After evaluation is finished, results are saved in ha_dpo/models/minigpt4/shr_eval_results/{localtime}/metrics.json.

  1. judgement.json: detailed judgements in SHR evaluation.
  2. metrics.json: detailed metrics in SHR evaluation. mean_hal_ratio indicates the ration of hallucinated sentences, which is the main SHR result.
SHR results
Model HA-DPO SHR
MiniGPT-4-Llama2-7B ✖️ 47.3
MiniGPT-4-Llama2-7B ✔️ 44.4

POPE Evaluation

step 1. Firstly, inference answers using:

torchrun --nproc-per-node {NGPUs} --master-port $RANDOM ha_dpo/models/minigpt4/pope_eval.py \
--set {random/popular/adv} \
--cfg-path ha_dpo/models/minigpt4/eval_configs/minigpt4_llama2_eval.yaml \
--llama-model {path_to_merged_llm} \
--pope-path ha_dpo/data/POPE \
--coco-path ha_dpo/data/coco2014
  1. --set: validation sets in POPE, choose between random/popular/adv. After inference, the answer file will be generated under the folder of LLaVA.
  2. --llama-model: path to the the merged language model weights.

step 2. Set the answer file and the label file in ha_dpo/data/POPE/evaluate.py.

Set ans_file to the path of the generated answer file in step 1, and set label_file to the path of label files under ha_dpo/data/POPE/output/coco.

step 3. Evaluate.

run python ha_dpo/data/POPE/evaluate.py to get results.

POPE results

POPE Random

Model HA-DPO Accuracy Precision Recall F1 Score Yes Ratio (%)
MiniGPT-4-Llama2-7B ✖️ 51.13 50.57 99.80 67.13 98.66
MiniGPT-4-Llama2-7B ✔️ 86.13 92.81 78.33 84.96 42.20

POPE Popular

Model HA-DPO Accuracy Precision Recall F1 Score Yes Ratio (%)
MiniGPT-4-Llama2-7B ✖️ 51.46 50.74 99.53 67.72 98.06
MiniGPT-4-Llama2-7B ✔️ 79.50 80.20 78.33 79.25 48.83

POPE Adversarial

Model HA-DPO Accuracy Precision Recall F1 Score Yes Ratio (%)
MiniGPT-4-Llama2-7B ✖️ 51.26 50.64 99.66 67.16 98.40
MiniGPT-4-Llama2-7B ✔️ 75.66 74.36 78.33 76.29 52.66

⚠️ NOTICE:

  1. Because of the instability in MiniGPT-4 DPO training, we follow InstructGPT and add an auxiliary language modeling task using its original SFT data (--auxilary True).

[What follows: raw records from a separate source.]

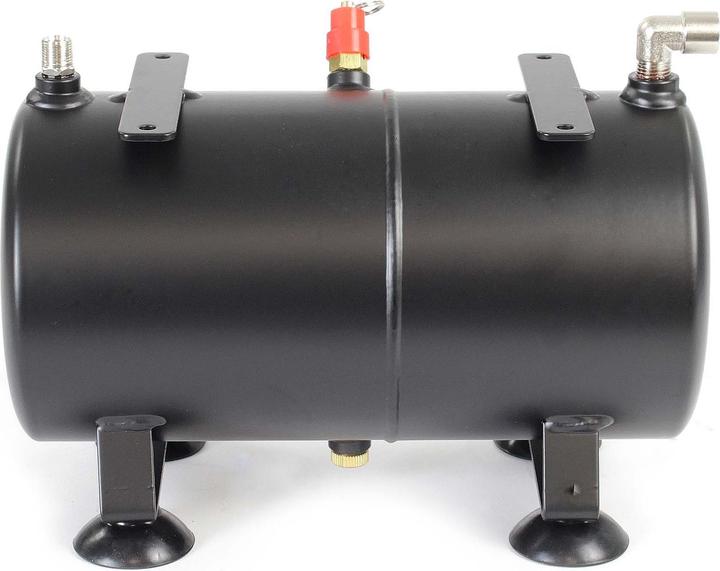 Image du produit Wiltec Réservoir de Pression 3L pour AS186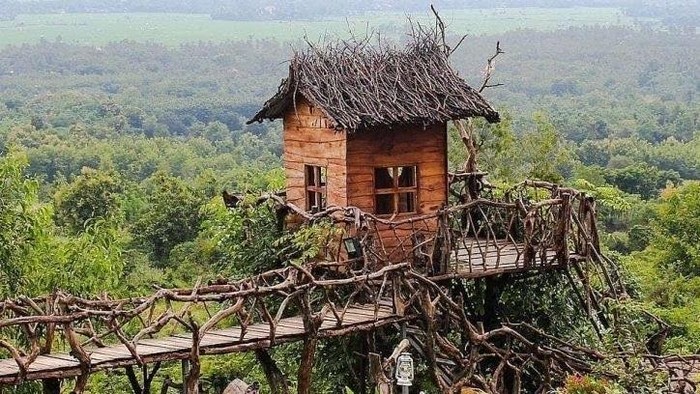 Wisata alam Bukit Tinggi di Kabupaten Sumenep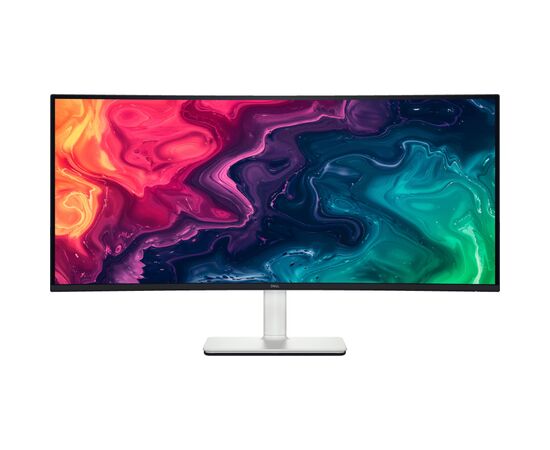 Монитор Dell S3425DW (210-BQWR)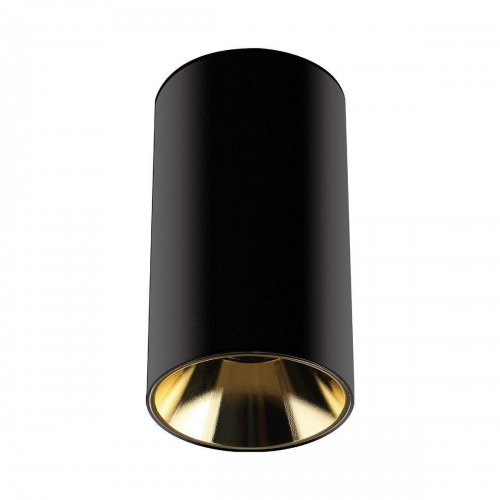 Потолочный светильник Jazzway PDL-R 14080 GU10 5031364 Потолочный светильник Jazzway PDL-R 14080 GU10 5031364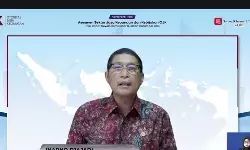 OJK: Optimisme IHSG ke 10.000 perlu fundamental ekonomi yang solid OJK: Optimisme IHSG ke 10.000 perlu fundamental ekonomi yang solid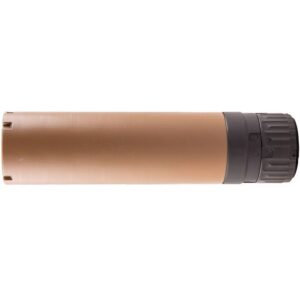 NEXT GEN SPEAR 7.62X51 NATO RIFLE SUPPRESSOR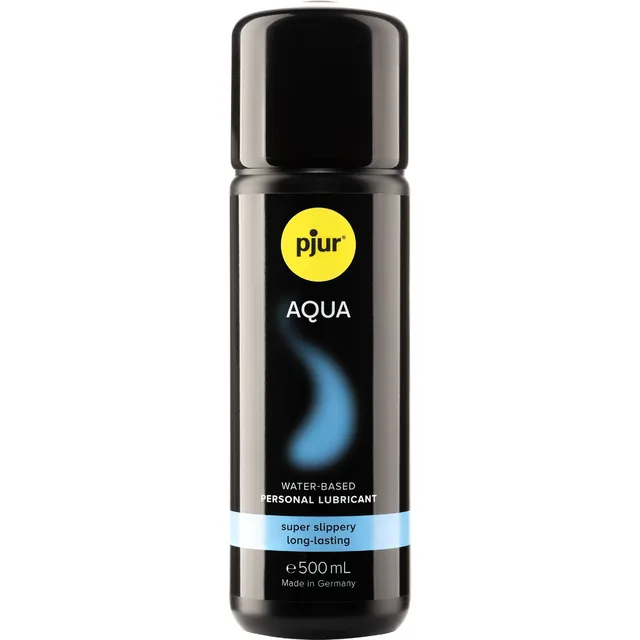 Aqua Super Slippery 500 ml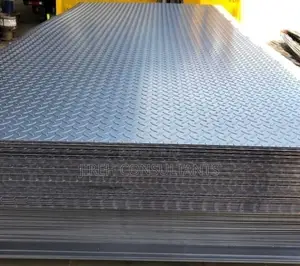 Steel Plates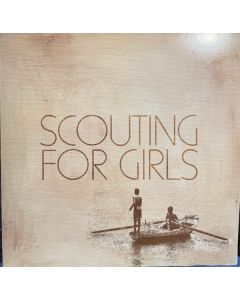 Scouting For Girls
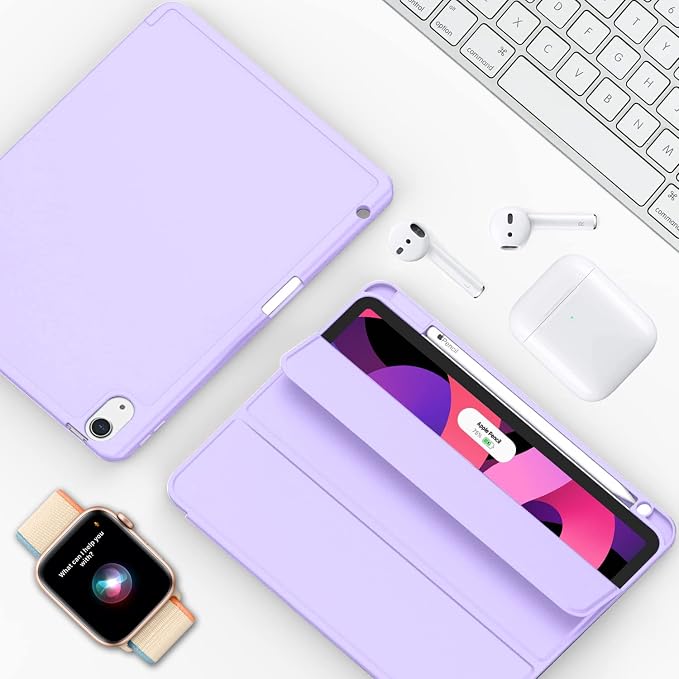 New Clove Purple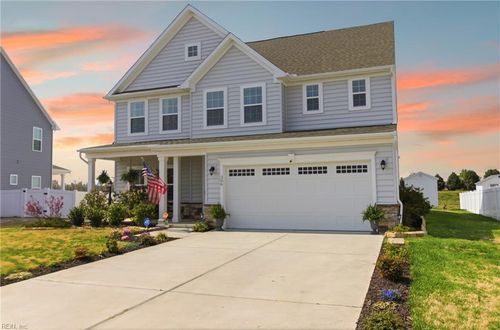 306 Sunny Lake Rd, Moyock, NC, 27958-7701 | Card Image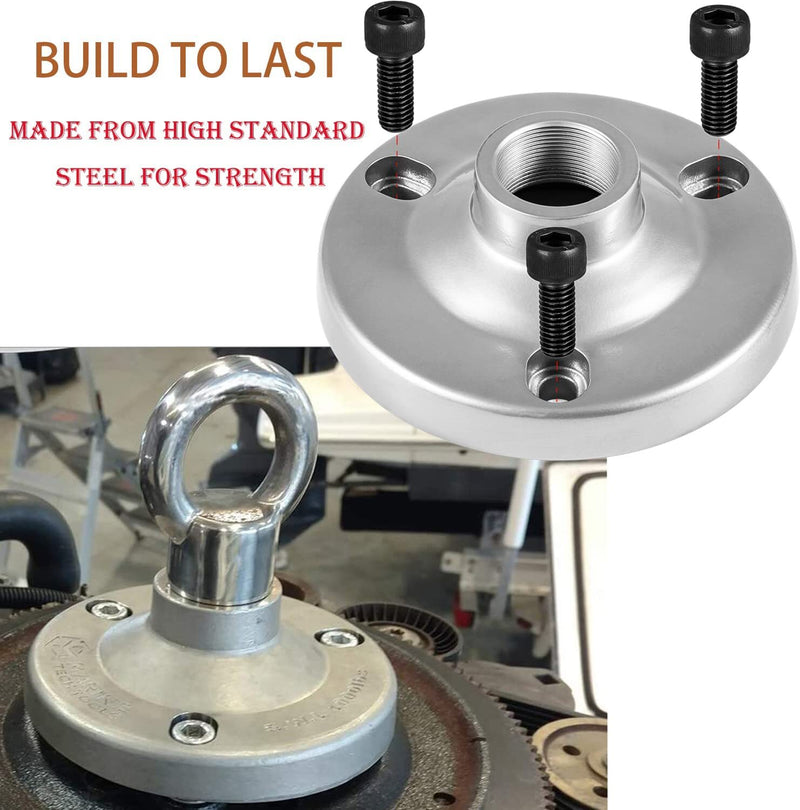 MT0024 Lifting Adapter With Bolts for Mercury Verado 150HP 4-Stroke Outboard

This option can ensure the stability of model performance.
  2. The optimal parameters can differ according to the environment of your machine, you can adjust these parameters according to the behavior of LVLM.
  3. For baseline model results, don't set --llama-model in the evaluation command.